Animal sample collection
Animal experiments were approved by the Ethics Committee on Animal Experimentation of the University of Antioquia under approval number 121/2018, according to the Colombian Regulations for the Use of Laboratory Animals in Biomedical Research (Law 8430 of 1993 and Law 84 of 1989). Fresh stomach tissues were obtained from three young-adult male pigs (Sus scrofa domesticus) at ages of 30-34 weeks and an average weight of 80 kg (± 8 kg). These tissues were kindly donated by the owner of a private pig farm that has a local slaughterhouse named “Vijagual”. The approval for the use of pig tissue in this research was obtained through written informed consent by the farm owner. Animals were in good body conditions and disease-free, according to the veterinarian responsible for food safety and hygiene of the above slaughterhouse. About 25-100 g from the fundic gland region of the pig stomach were dissected and stored at 4oC in 50 mL conical centrifuge tubes for viral transport medium, which contained DMEM-HG (catalog number: 12100061, GIBCO, USA) supplemented with 200 U/mL penicillin, 200 μg/mL streptomycin (catalog number: 15140122- GIBCO, USA), 100 µg/mL gentamicin (catalog number: 15750078 - GIBCO, USA) and 5 μg/mL amphotericin B (catalog number: 15290018 - GIBCO, USA). Tissue samples were immediately shipped to the Biomedical Research Laboratory of the University of Santander - UDES.
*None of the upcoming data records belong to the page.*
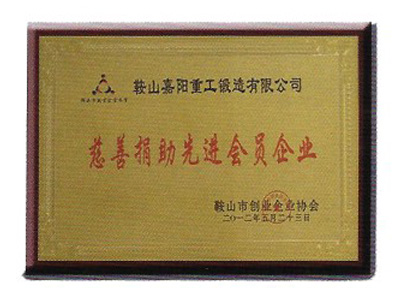 慈善捐助先進會員企業(yè)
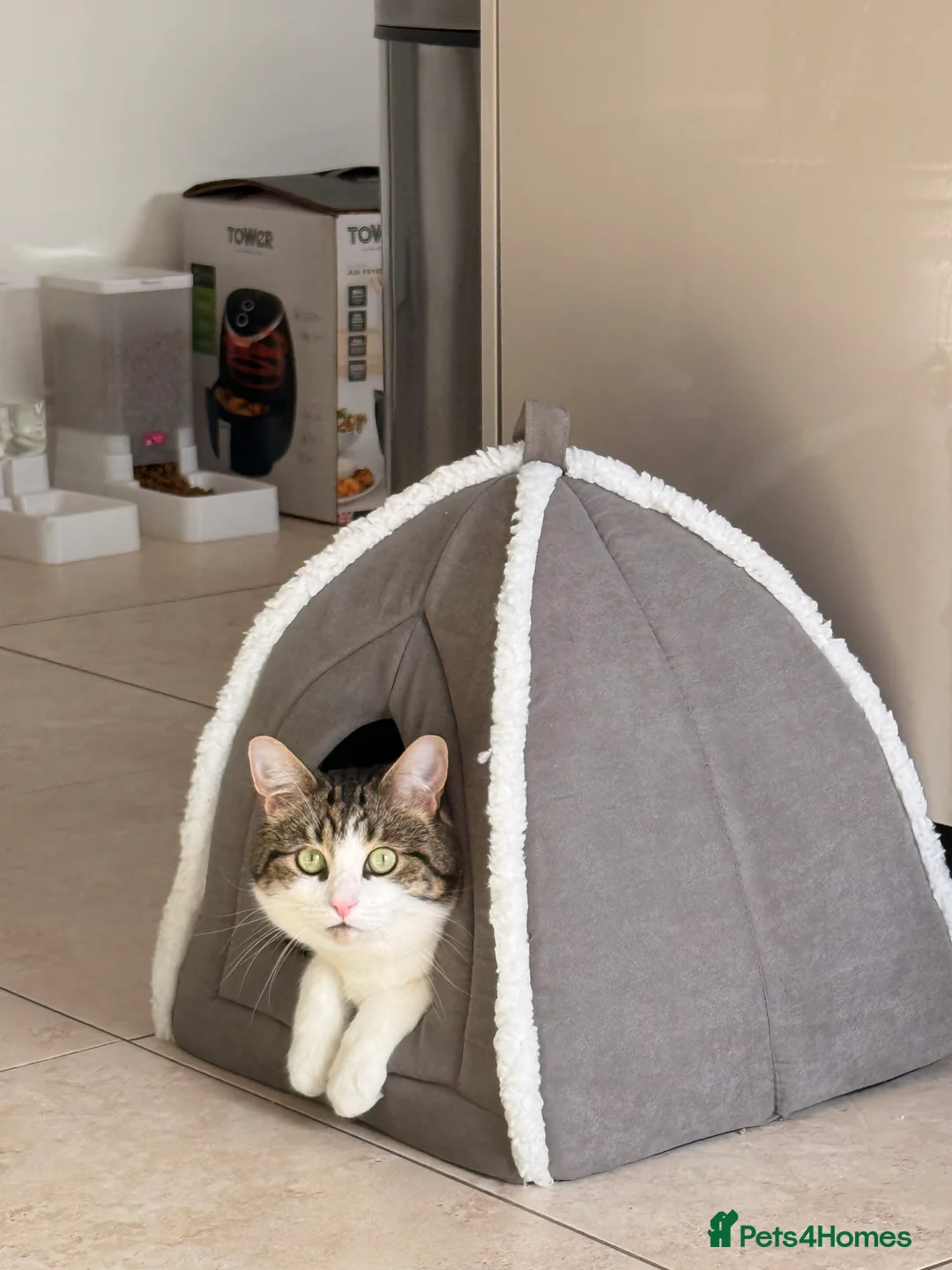 Domestic Shorthair cats for sale: Need rehoming ASAP - Advert 1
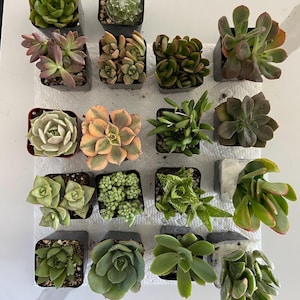 Ellen added a photo of their purchase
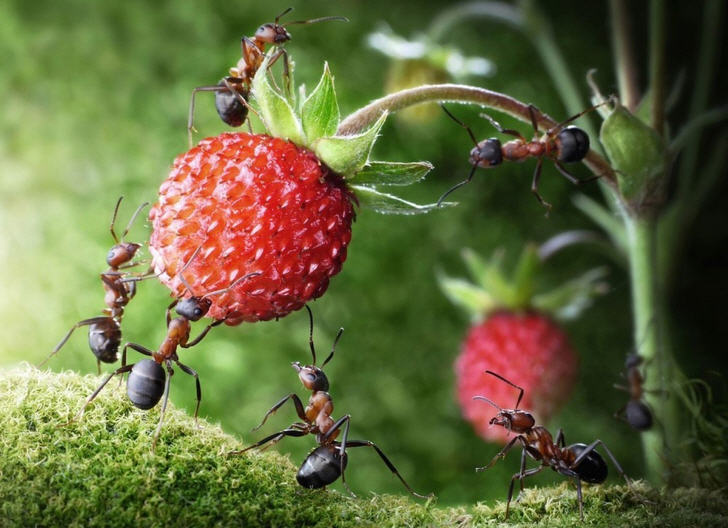 муравьи на клубнике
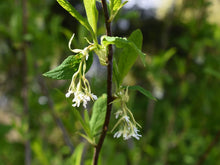 Cargar imagen en el visor de la galería, Close-up of the early-blooming white flowers of osoberry, or indian plum (Oemleria cerasiformis). Another stunning Pacific Northwest native shrub available at Sparrowhawk Native Plants Nursery in Portland, Oregon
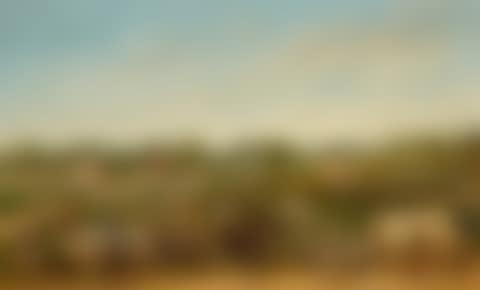 THE COTTON PLANTATION (preview)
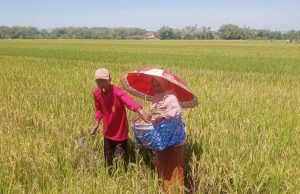 Tradisi Wiwitan Masih Dilakukan Para Petani Di Desa Ringin Putih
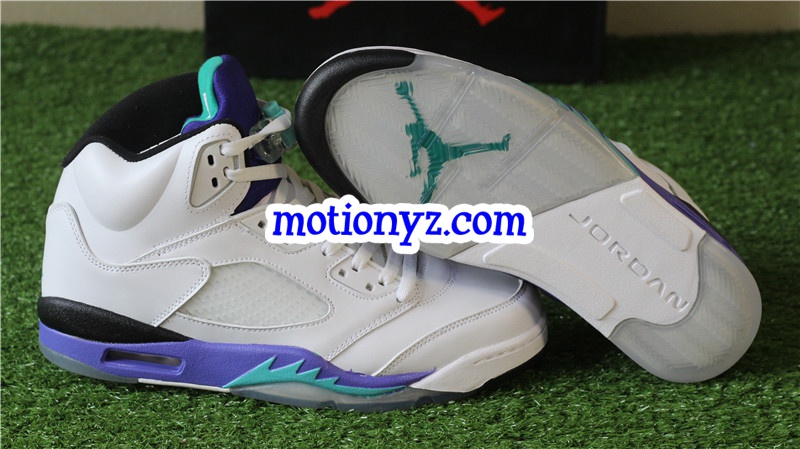 Authentic Air Jordan 5 Retro Grapes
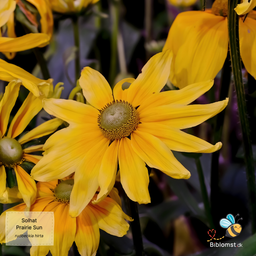 Solhat - Rudbeckia 'Prairie Sun'
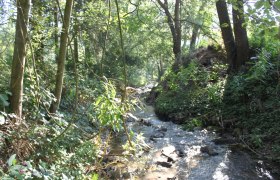 Wanderung zum Leisberg, Gföhl, © Stadtgemeinde Gföhl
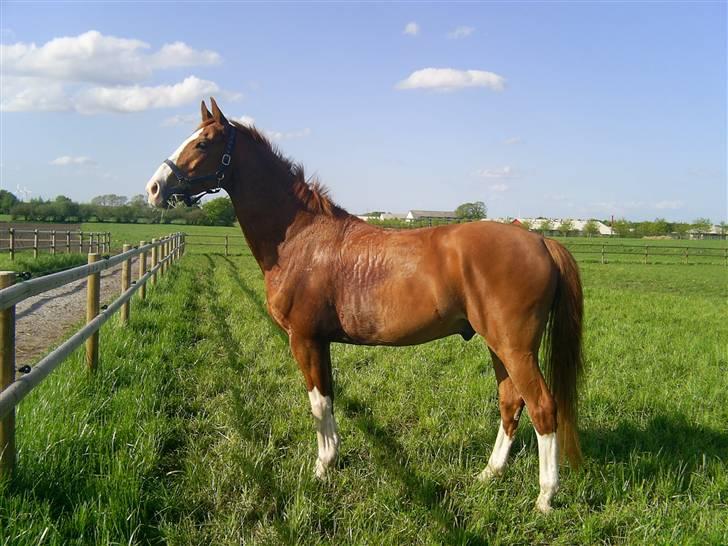 Dansk Varmblod Grafitti Zantio billede 5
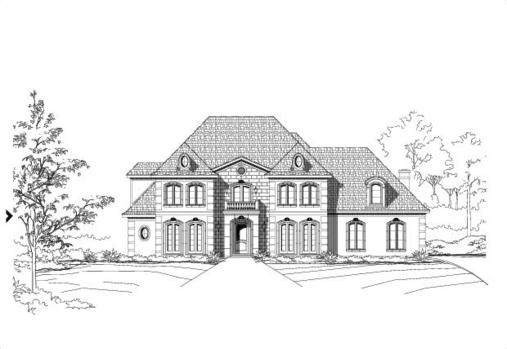 Large Image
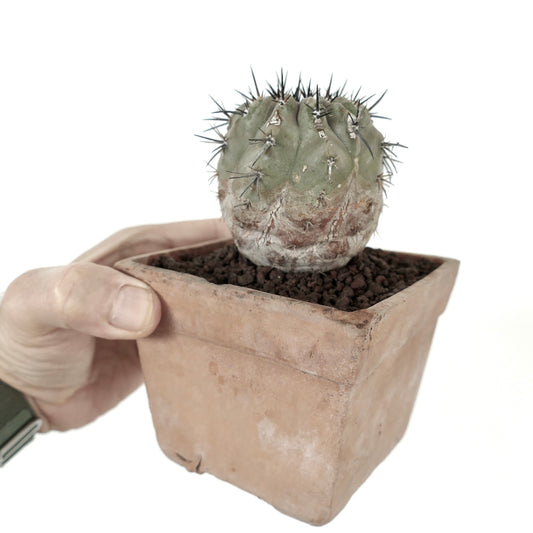 Copiapoa cinerea small round cactus with thick spines in rustic terracotta pot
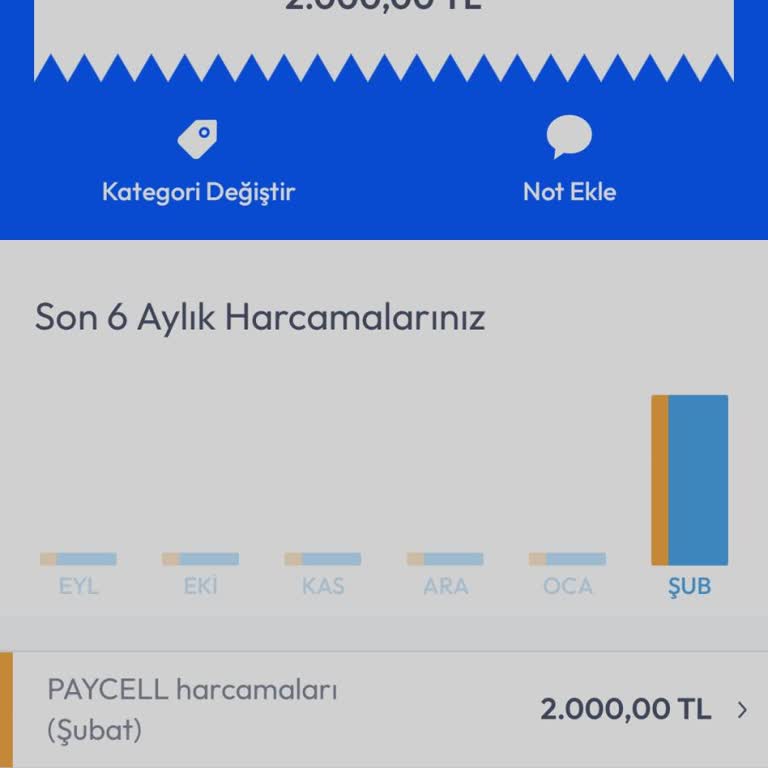 Yanlışlıkla Girdiğim Sitede Haksız Ücretlendirme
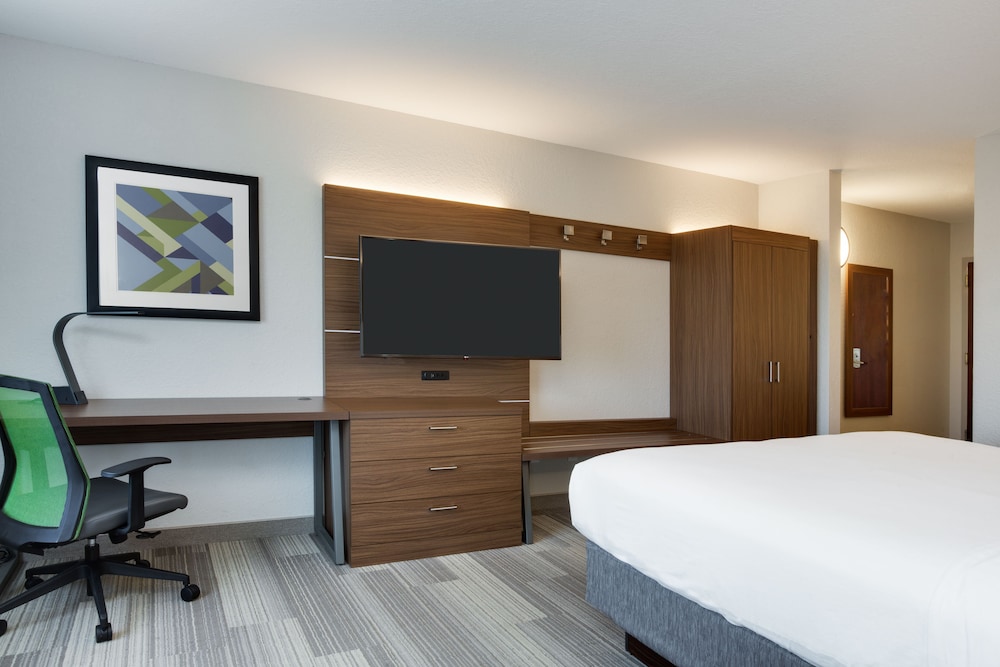 Holiday Inn Express Hotel & Suites Tampa Fairgrounds Casino by IHG - photo 11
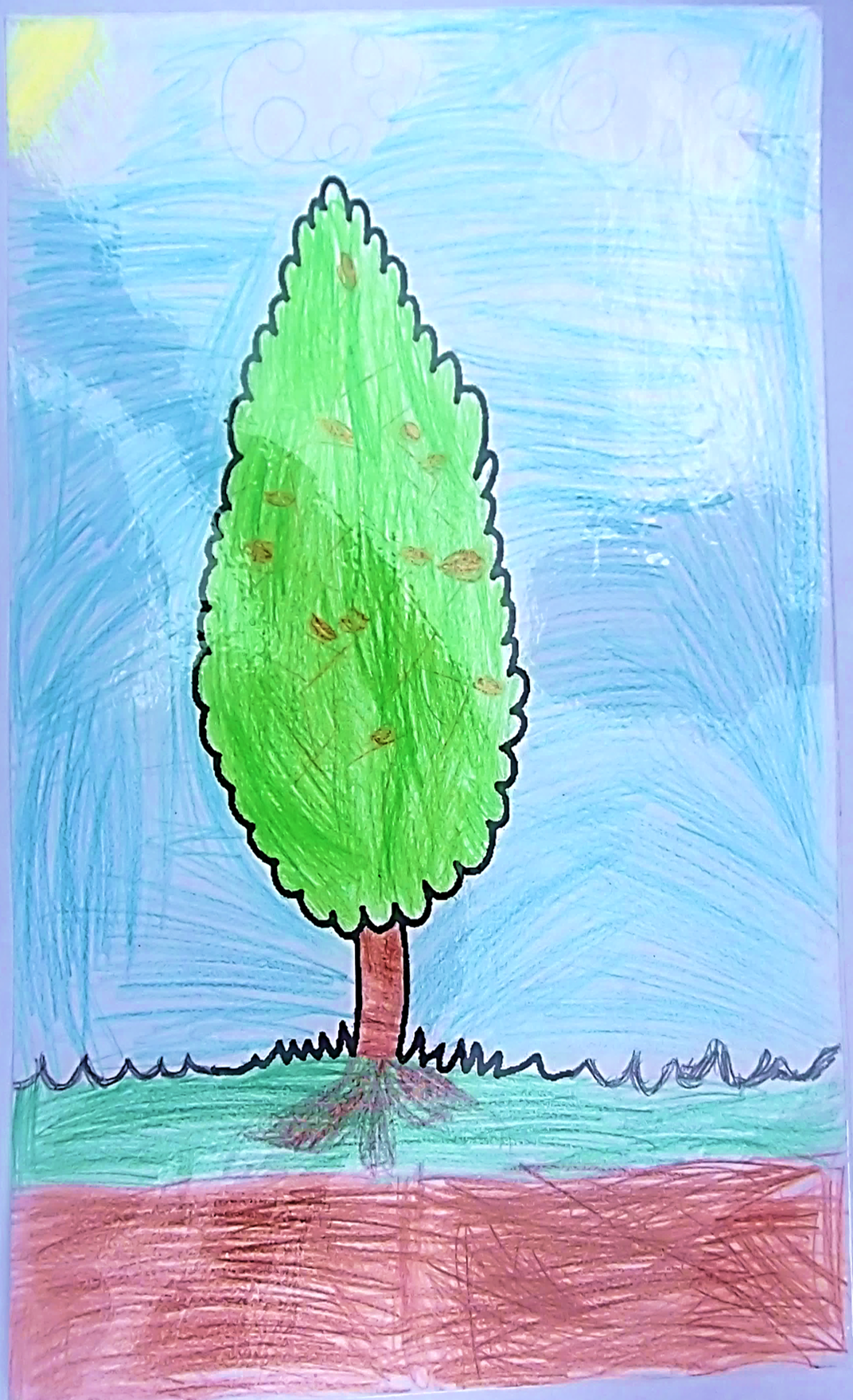 סיפורי עצים כיתה ג’ by galimord - Illustrated by תלמידי כיתה ג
Composition of the digestion medium
The digestion medium for tissue disaggregation and cell detachment contained a Hank's Balanced Salt Solution (HBSS) with calcium and magnesium (HBL03-Caisson, Smithfield, USA), supplemented with 200 U/mL collagenase type I (C0130-Sigma-Aldrich, St. Louis, USA), 1.2 U/mL dispase II (D4693-Sigma-Aldrich, St. Louis, USA), 0.01 mg/mL soybean trypsin inhibitor (STI) (29129-Chem Cruz, Dallas, USA), 1.25 mg/mL bovine serum albumin (BSA) (B005-Caisson, Smithfield, USA) and 0.1 mM Dithiothreitol (DTT) (A2948- PanReac, Barcelona, Spain). The solution was freshly prepared, filtered with 0.2 μM nylon membranes, stored at 4°C and used within the next 24 hours.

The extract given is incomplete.